Start of Block
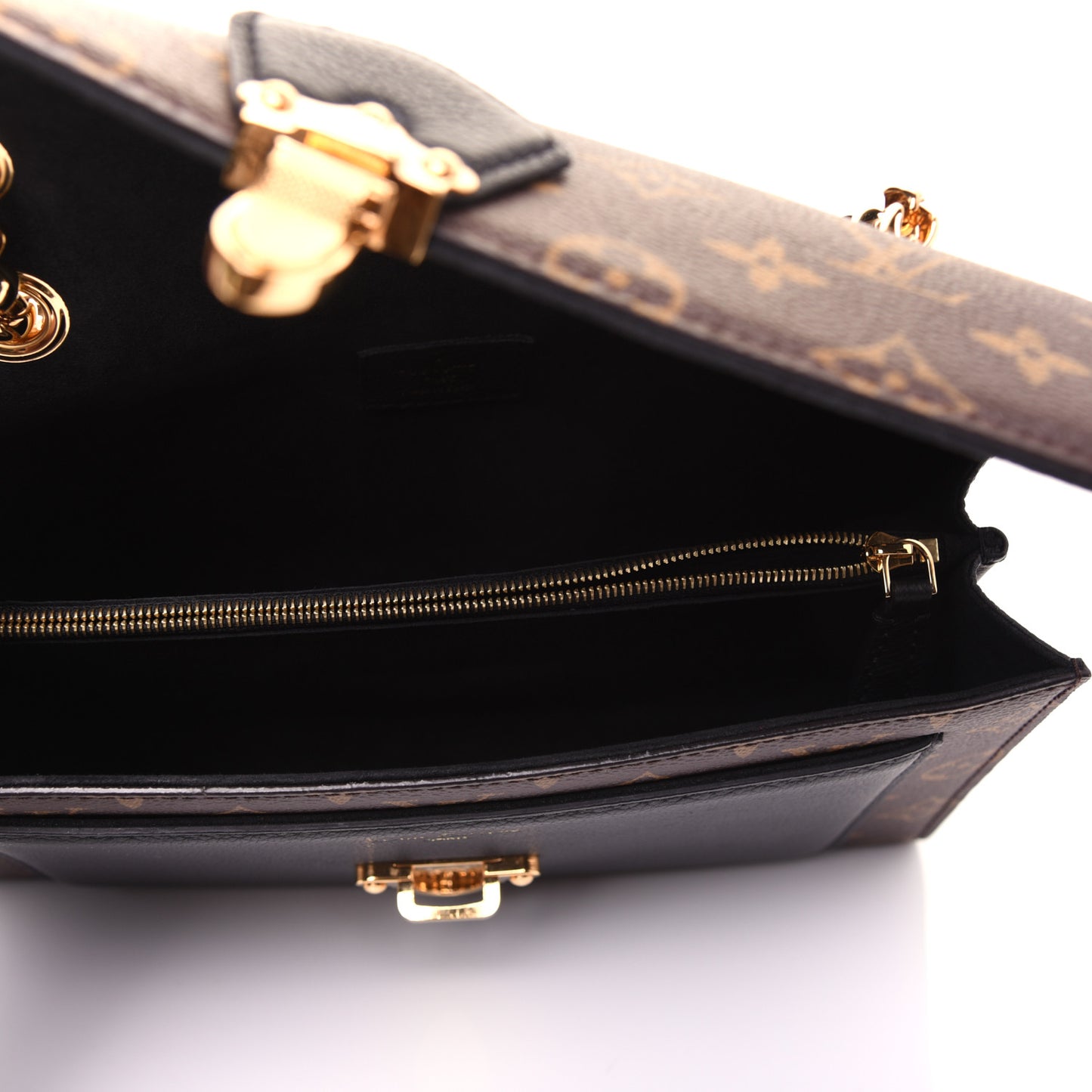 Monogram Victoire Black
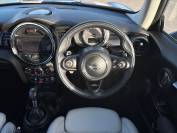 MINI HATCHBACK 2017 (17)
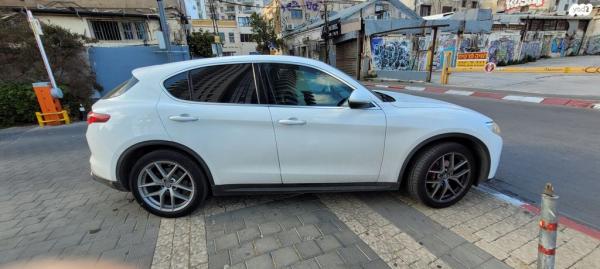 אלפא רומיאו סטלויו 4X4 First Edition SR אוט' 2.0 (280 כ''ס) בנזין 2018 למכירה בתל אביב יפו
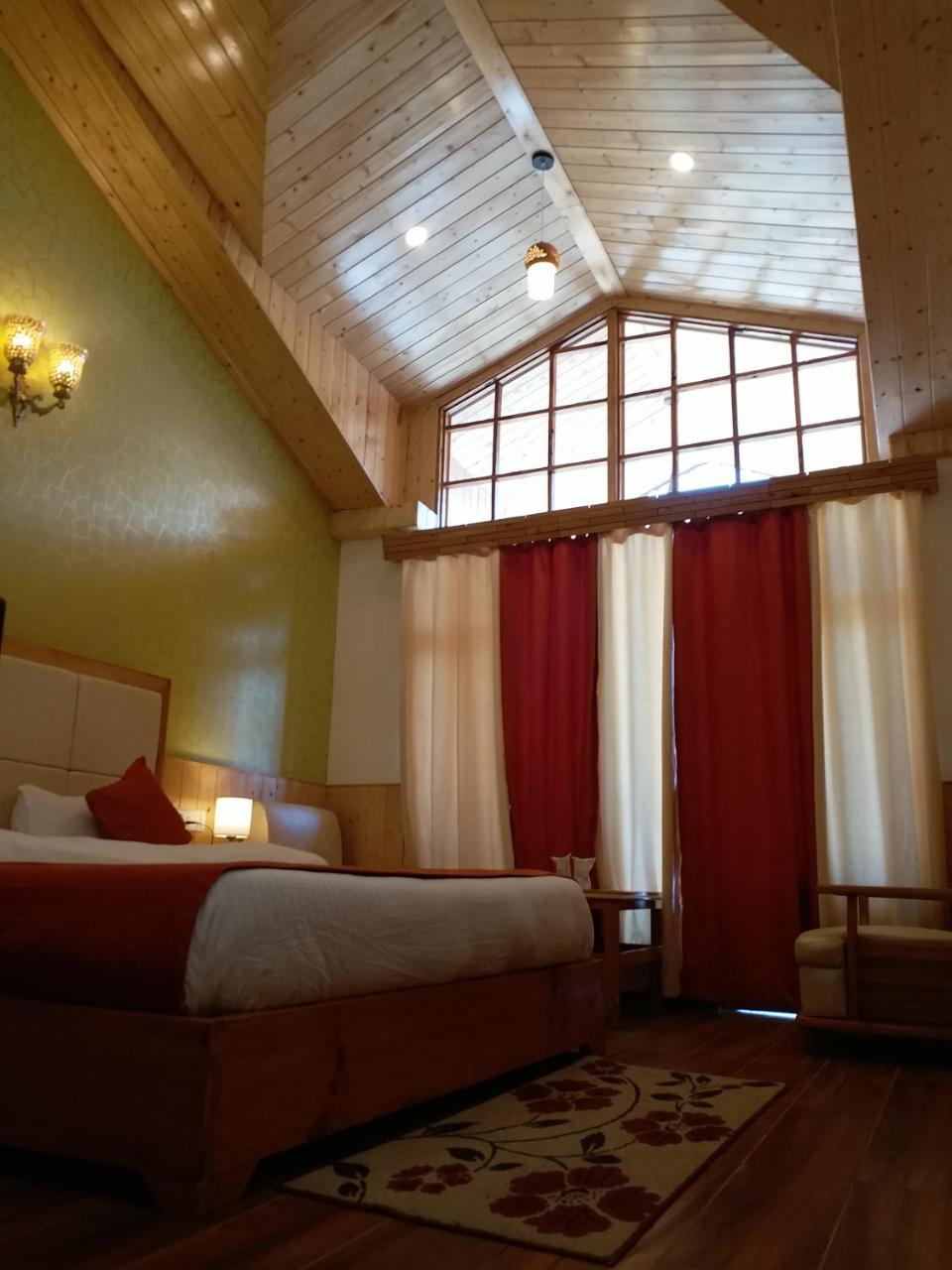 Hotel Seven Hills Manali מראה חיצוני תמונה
End of Block
| Task statement |
Wording must stay exact. Give again the lines from the line with "MINI HATCHBACK 2017 (17)" through the last line of the listing, both ends included, without pictures.

| Completed exercise |
 MINI HATCHBACK 2017 (17)
 אלפא רומיאו סטלויו 4X4 First Edition SR אוט' 2.0 (280 כ''ס) בנזין 2018 למכירה בתל אביב יפו
 Hotel Seven Hills Manali מראה חיצוני תמונה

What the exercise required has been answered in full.